The businessman had fought extradition for nearly four years, arguing he ought to be tried in Britain.
He ran out of avenues of appeal last month and is thought to have subsequently agreed the date of his travel to the US to face prosecution on the understanding he would remain on bail.
However, Judge Charles Breyer ordered Lynch to pay an £80million bond, hand over his passport and to be placed under 24-hour armed guard, paid for by himself, at an address in San Francisco.
Lynch’s team are understood to have been unaware that he would face a requirement to be under armed guard. Until the bail conditions are met he is to remain in custody, thought likely to be at the court house or a police holding cell rather than a prison.
The judge concluded that the businessman presented ‘a serious and substantial risk of flight’ because of his wealth, estimated by the court at £360million. The judge rejected Lynch’s argument that his use of legal means to fight extradition ‘does not indicate that he would resort to illegal remedies by absconding before trial in this case’.
Lynch, 57, was remanded in custody on Thursday by a judge in California after arriving on a commercial flight accompanied by US marshals
Lynch has been extradited to stand trial over an alleged fraud linked to the 2011 sale of software firm Autonomy to Hewlett-Packard (file picture)
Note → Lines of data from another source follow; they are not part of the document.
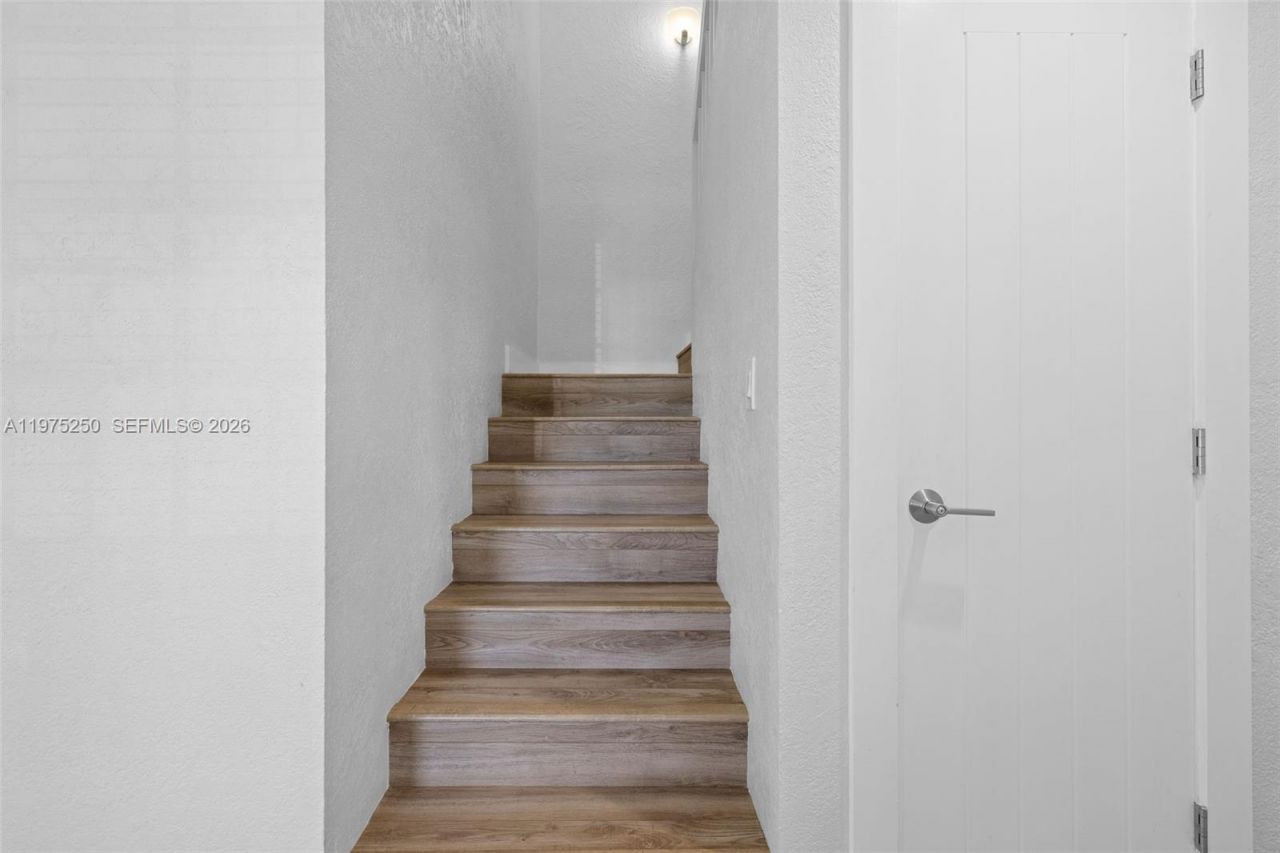 20900 Leeward Ct , Unit 217-1, Aventura, FL 33180 Photo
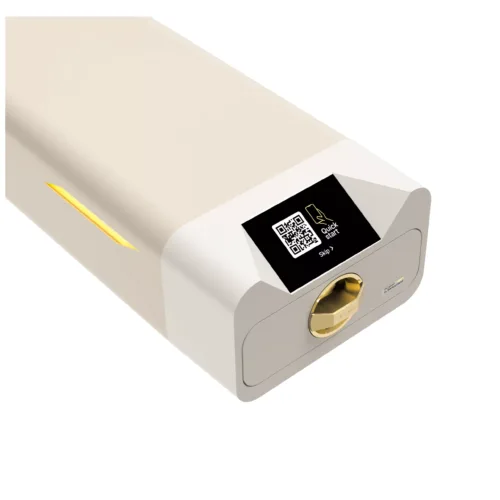 Weißer Enbio Autoklav S mit goldenen Akzenten auf weißem Hintergrund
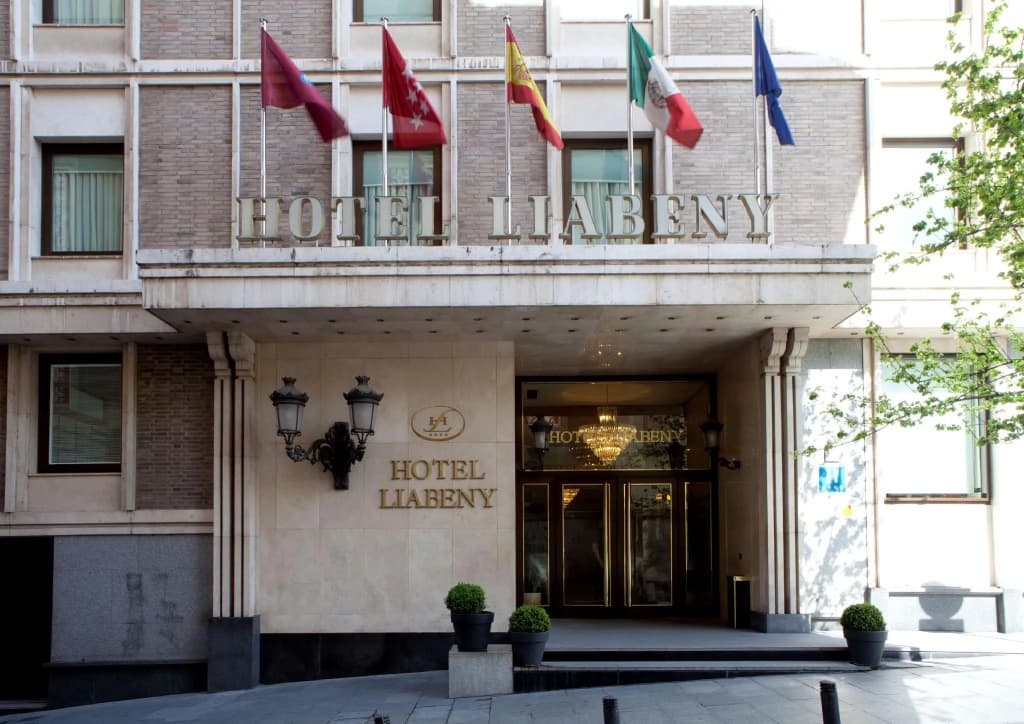 Hotel Liabeny - main photo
READ MORE: British tech tycoon dubbed ‘the UK’s Bill Gates’ is extradited to the US to face fraud charges over £8billion takeover deal – and faces decades in jail if he is convicted
Tech entrepreneur Mike Lynch, pictured at his Suffolk farm, has been extradited to the US
Lynch, who is married with two teenage children, pleaded not guilty to the 17 charges he faces. A trial date has not yet been set.
He was once lauded as the UK’s answer to Microsoft’s Bill Gates, but the sale of his company Autonomy soon turned sour.
Within a year, new owners Hewlett Packard (HP) wrote down the value of the business by £7billion and later brought a civil lawsuit in London against Lynch and Autonomy’s former chief financial officer Sushovan Hussain. A UK judge ruled in January last year that Lynch had defrauded HP by inflating the value of Autonomy.
For his part, Lynch had said HP did not know what it was doing with Autonomy, and was out of its depth in understanding his technology. Meanwhile, the US brought criminal charges against Lynch for wire fraud and securities fraud.
In 2019, Lynch’s former colleague Hussain was convicted of fraud in the US and sentenced to five years in prison.
The US-UK extradition act of 2003 came into force in 2007. Mr Davis said: ‘The extradition treaty negotiated by Tony Blair was sold to Parliament as a measure to deal with terrorists, murderers and paedophiles.
‘Instead, it is being used to pursue traders, bankers and businesspeople. It means an entrepreneur who falls out with an American company – as Dr Lynch did – can be seized from our shores.’
Mr Davis told Sky News: ‘We send three times as many people to America as they send to us.’ And he accused the US government of ‘almost imperialist behaviour… it’s almost Orwellian really’.
He pointed out that other allies such as France and Germany did not allow America such extradition powers over its citizens. Thomas Garner, extradition partner at London law firm Fladgate, said: ‘The bail set by the US court is by UK standards extraordinarily high and is a clear example of the differing approaches of the US and UK when it comes to prosecuting allegations of white collar crime.’
Business figures including lastminute.com founder Brent Hoberman and former HBOS chairman Lord Stevenson reportedly wrote to Rishi Sunak earlier this year to argue against the move to have Lynch face trial in the US.
They said it would see a treaty ‘enacted swiftly after 9/11 to enable the pursuit of terrorists deployed to settle a commercial case already being considered by the UK courts’.
Former Shadow Home Secretary DAVID DAVIS: We MUST change the rules that allow British entrepreneurs to be extradited to the US
BY DAVID DAVIS
Do business with the US from Britain, and you risk ending up in an American jail. That is not a theory or a political argument – it’s a fact.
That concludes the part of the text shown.